Uncle Tony's mother, Mrs Doris Gadsby, was cremated at Rawdon this morning. She died at Pudsey last Thursday. The poor old girl was deserted by her husband, Norman, in 1937, and nobody has heard of him since.

Alison phoned Lynn today. All is now over between her and John Pinder. She now wants to move back to Yorkshire and take a flat in the vicinity but until this is achieved then she will come and live with us. Isn't this exciting, folks? Our little Ally coming to Pine Tops. I informed Mama that I will write to Alison and invite her to stay with us because she is far too bashful to suggest this herself.

"Fear is realising you can't do it the second time, and panic is realising for the second time that you can't do it." Eh? I don't get that.

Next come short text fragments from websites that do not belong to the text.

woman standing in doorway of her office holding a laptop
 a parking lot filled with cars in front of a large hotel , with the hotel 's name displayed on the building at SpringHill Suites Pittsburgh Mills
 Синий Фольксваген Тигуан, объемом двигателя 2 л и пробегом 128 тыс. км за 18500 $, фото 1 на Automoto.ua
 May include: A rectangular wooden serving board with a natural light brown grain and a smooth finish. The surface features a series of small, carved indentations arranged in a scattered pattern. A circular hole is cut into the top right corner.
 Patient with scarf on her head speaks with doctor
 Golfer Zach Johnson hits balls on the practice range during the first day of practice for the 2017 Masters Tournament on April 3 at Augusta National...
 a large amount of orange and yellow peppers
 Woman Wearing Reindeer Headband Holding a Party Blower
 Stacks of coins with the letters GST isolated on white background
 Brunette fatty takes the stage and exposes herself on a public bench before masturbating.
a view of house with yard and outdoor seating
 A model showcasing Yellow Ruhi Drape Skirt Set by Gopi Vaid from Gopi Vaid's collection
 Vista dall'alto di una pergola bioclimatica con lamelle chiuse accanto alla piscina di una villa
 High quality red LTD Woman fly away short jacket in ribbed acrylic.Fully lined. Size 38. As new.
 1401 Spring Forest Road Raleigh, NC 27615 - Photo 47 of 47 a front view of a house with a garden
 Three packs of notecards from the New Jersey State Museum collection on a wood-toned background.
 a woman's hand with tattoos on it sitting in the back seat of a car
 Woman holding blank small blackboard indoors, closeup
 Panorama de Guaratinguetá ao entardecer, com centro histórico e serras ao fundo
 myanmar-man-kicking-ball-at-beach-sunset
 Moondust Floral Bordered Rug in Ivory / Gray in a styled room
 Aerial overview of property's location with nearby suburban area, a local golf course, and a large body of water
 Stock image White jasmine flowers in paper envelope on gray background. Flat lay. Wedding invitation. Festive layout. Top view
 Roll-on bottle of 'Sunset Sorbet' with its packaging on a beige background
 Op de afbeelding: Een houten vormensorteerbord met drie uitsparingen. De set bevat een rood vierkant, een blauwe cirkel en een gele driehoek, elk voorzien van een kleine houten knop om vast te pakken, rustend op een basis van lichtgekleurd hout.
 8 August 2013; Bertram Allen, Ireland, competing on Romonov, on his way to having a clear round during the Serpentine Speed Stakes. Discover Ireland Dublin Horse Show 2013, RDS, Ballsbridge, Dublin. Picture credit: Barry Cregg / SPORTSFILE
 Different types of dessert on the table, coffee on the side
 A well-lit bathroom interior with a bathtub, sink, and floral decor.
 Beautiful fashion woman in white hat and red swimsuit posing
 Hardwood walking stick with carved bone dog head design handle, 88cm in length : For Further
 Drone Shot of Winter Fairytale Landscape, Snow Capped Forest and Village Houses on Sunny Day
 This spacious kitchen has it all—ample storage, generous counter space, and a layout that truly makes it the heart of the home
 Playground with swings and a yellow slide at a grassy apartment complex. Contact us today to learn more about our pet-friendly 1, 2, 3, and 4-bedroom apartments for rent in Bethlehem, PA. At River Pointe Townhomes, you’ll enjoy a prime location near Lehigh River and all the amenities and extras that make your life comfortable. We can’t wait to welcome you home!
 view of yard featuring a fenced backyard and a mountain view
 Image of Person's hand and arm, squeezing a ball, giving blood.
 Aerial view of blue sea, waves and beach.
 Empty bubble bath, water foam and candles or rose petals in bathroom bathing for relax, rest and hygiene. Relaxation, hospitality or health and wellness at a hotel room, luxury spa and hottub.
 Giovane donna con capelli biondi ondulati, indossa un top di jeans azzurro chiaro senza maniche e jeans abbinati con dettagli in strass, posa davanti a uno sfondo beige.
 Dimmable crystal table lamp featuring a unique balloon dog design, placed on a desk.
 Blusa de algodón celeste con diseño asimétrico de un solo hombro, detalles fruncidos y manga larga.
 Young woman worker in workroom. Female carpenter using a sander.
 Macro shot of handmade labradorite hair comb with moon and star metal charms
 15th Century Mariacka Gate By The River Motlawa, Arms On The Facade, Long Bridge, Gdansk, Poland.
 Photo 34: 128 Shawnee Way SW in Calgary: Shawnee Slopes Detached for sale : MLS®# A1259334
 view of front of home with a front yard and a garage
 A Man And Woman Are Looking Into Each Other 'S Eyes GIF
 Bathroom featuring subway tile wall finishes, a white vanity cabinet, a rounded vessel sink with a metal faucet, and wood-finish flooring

The poor, broken Shah [of Iran] would like to come and die of a broken heart here in Britain, but the revolting Socialist MPs are protesting. What possible harm can the old boy do? The harshness and cruelty of the jealous crew at Westminster is forever reaching new bounds. They would leap around with joy, urinating in their pin-striped trousers if the Ayatollah purchased Buckinghamshire or Chou En-Lai took over Mentmore Towers. Did anyone complain when Ben Lyon came to live here? Precisely. Besides, just think how our economy would be boosted by all those millions of Iranian rupees, or whatever the Iranian currency is. I doubt very much that His Imperial Majesty would want to live off our social security. It's a repeat of the Tsar Nicholas case in 1918.

Watched "Fawlty Towers" on the BBC ~ the last of the series which is very sad.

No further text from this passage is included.